Octobre Rose : les autorités veulent poursuivre la mobilisation contre le cancer du sein



Octobre Rose 2012 « Carte postale » (DR)

Alors que l’association UFC-Que Choisir dénonce le lancement 2012 de l’opération « Octobre Rose » en évoquant une information erronée et une communication pouvant faire penser que les femmes ne sont pas libres de leur choix, les autorités  entendent bien poursuivre leur mobilisation contre le cancer du sein afin d’inciter toujours plus de femmes à participer à ce grand dépistage organisé.

Ainsi hier, et malgré la polémique,  l’opération 2012 d’Octobre 2012 a été lancée par le ministère des Affaires sociales et de la Santé et l’Institut national du cancer (INCa), en partenariat avec l’Assurance maladie (Cnamts), la Mutualité sociale agricole (MSA) et le Régime social des indépendants (RSI).

Rappelant que le dépistage organisé par mammographie constituait aujourd’hui encore l’un des meilleurs moyens d’agir face au cancer du sein,  les autorités veulent cette année concentrer  tout particulièrement leurs efforts auprès des femmes qui ne se font pas dépister régulièrement.

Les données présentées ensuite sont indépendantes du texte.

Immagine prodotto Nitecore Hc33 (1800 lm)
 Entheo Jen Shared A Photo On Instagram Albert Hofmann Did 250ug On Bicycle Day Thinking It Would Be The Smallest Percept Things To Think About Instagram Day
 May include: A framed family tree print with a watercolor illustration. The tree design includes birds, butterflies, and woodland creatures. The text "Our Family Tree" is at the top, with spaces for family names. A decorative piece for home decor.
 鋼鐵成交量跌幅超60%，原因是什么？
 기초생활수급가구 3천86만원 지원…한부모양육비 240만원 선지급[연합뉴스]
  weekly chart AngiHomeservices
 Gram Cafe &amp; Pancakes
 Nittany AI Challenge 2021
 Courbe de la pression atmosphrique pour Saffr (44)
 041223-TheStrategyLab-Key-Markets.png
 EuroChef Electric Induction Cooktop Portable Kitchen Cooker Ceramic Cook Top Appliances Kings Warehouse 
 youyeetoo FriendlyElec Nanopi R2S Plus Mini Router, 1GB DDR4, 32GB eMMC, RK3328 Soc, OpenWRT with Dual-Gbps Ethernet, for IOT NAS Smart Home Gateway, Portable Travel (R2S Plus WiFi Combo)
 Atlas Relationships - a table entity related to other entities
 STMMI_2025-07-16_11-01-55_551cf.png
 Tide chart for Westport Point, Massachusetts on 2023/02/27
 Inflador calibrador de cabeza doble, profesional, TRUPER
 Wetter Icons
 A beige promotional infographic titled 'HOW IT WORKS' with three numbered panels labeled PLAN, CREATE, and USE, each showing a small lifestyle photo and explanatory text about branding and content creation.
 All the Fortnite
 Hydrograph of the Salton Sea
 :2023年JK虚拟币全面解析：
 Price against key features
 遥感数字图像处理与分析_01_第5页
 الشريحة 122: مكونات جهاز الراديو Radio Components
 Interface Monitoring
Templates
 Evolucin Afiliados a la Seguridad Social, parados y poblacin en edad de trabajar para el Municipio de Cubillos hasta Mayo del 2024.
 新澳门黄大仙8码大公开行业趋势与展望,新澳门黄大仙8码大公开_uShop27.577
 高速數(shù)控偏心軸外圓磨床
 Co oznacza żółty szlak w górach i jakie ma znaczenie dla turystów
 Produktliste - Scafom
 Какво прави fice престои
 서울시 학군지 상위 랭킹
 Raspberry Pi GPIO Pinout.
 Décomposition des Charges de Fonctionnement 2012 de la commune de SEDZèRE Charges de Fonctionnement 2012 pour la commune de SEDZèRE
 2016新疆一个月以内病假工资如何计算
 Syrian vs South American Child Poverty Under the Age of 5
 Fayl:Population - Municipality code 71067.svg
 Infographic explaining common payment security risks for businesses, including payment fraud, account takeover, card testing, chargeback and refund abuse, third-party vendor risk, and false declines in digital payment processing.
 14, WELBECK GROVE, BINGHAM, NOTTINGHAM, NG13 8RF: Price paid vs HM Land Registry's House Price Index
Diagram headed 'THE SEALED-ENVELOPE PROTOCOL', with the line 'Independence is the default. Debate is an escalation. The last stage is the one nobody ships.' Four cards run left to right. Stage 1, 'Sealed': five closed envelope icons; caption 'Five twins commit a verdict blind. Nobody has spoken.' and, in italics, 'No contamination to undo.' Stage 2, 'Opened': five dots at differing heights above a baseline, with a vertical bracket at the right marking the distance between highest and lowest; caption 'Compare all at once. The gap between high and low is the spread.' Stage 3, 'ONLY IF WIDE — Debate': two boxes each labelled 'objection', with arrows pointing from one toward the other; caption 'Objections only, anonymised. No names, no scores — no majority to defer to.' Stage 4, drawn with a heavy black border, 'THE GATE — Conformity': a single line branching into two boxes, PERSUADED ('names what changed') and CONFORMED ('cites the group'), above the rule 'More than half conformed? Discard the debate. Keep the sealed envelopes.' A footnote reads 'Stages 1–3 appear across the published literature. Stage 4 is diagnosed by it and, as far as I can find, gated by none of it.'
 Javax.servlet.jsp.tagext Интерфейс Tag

Et pour tenter de les interpeller, de nouvelles actions de sensibilisation vont être lancées via l’interpellation : « Vérifiez de quand date votre dernière mammographie. A partir de 50 ans, c’est tous les deux ans. ».

Cela va se traduire par des actions dans les médias avec des messages portés par des animateurs et journalistes de France Télévisions  comme  Elise Lucet,Sophie Davant, Nagui ou bien encore William Leymergie.

Des actions sont également prévues sur les réseaux sociaux, chez médecins généralistes mais aussi et surtout sur  le terrain avec de nombreuses actions de proximité conduites en partenariat avec l’Agence pour la cohésion sociale et l’égalité des chances (Acsé), l’Union des centres communaux d’actions sociales, ou encore la Mutualité sociale agricole.

Pour info  le cancer du sein est toujours le premier cancer chez la femme en France en nombre de nouveaux cas et de mortalité. Pourtant, détecté à un stade précoce, il peut non seulement être guéri dans plus de 90% des cas mais aussi être soigné par des traitements moins agressifs. Aujourd’hui, une femme sur trois ne se fait toujours pas dépister ou pas régulièrement.